|I • II • III • IV • V • VI • VII • VIII • IX • X • XI • XII • XIII • XIV • XV • XVI • XVII • XVIII • XIX • XX • XXI|
The constitution includes twenty-one articles. It has been amended over one hundred times but, unlike the constitutions of many other states, has never undergone a major revision.
- See also: Preambles to state constitutions
The preamble to the constitution says:
- We, the people of the state of Idaho, grateful to Almighty God for our freedom, to secure its blessings and promote our common welfare do establish this Constitution.
- Article I is the Declaration of Rights of the citizens of Idaho; it details the unalienable rights granted to everyone.
- Article II divides the government into three distinct branches: the legislative, executive and judicial.
- Articles III, IV, and V establish the legislative, executive, and judicial branches of government, respectively.
- Article VI describes the election process as well as the guidelines for suffrage.
- Article VII deals with the state's power to tax and generate revenue.
- Article VIII concerns public indebtedness and subsidies.
- Article IX sets up the school system and guarantees all children the right to a free public education.
- Article X deals with public institutions, such as the seat of government and the prison system.
- Article XI concerns all corporations other than municipal.
- Article XII establishes the rights and limitations of municipal corporations.
- Article XIII concerns immigration and labor laws.
- Article XIV establishes a state militia.
- Article XV concerns public use of water, including rights, priorities, and limitations.
- Article XVI deals with livestock.
- Article XVII sets the boundaries of the state in great detail.
- Article XVIII establishes the individual counties in the state.
- Article XIX is entitled Apportionment.
- Article XX details the amendment process.
- Article XXI is the schedule, to ease transition from territory to state.
Amending the constitution
- Main article: Amending state constitutions
Article XX of the Idaho Constitution establishes two ways in which the constitution can be altered over time, either via legislatively-referred constitutional amendments or constitutional conventions.
Either house of the Idaho State Legislature can propose an amendment. If the amendment is agreed to by two-thirds of the members of both the Idaho State Senate and the Idaho House of Representatives, the proposed amendment goes on the next general election ballot.
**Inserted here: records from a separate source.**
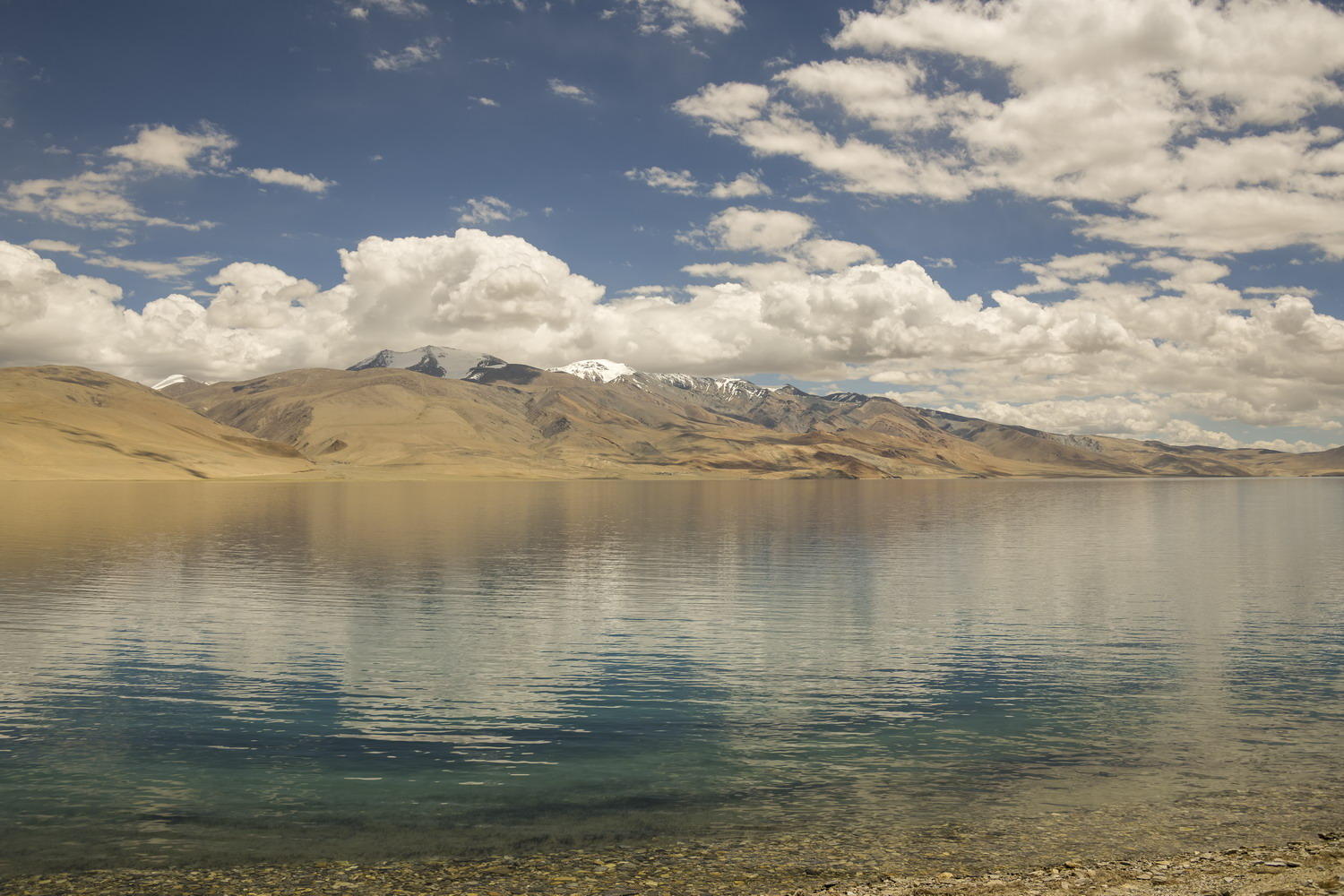 DSC_8423_1A2 - Reflections (Tso Moriri Lake)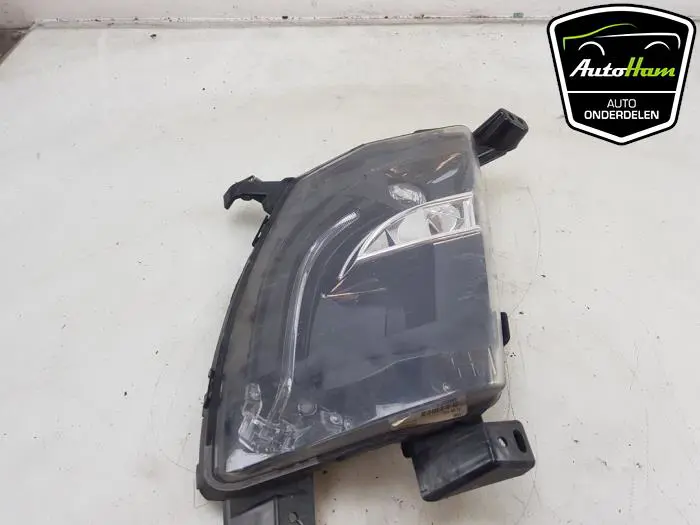 Dagrijverlichting links Tesla Model S
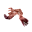 Conan_FeralFlesh.webp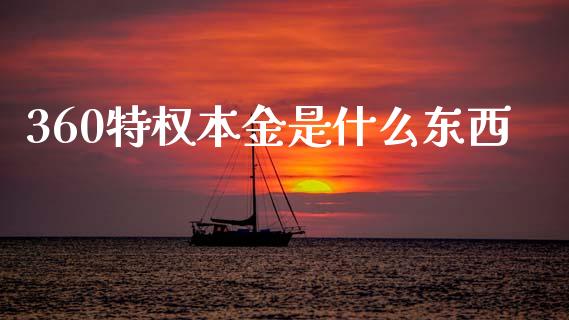 360特权本金是什么东西_https://m.jnkyh.com_股票交易_第1张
The amendment becomes part of the constitution if it is approved in a simple majority.
A constitutional convention can be called if:
- Two-thirds of the members of each house of the legislature vote to place before the people a question as to whether the people want to call a convention.
- If a majority of all the voters voting at the election vote for a convention, the legislature must arrange to have a convention.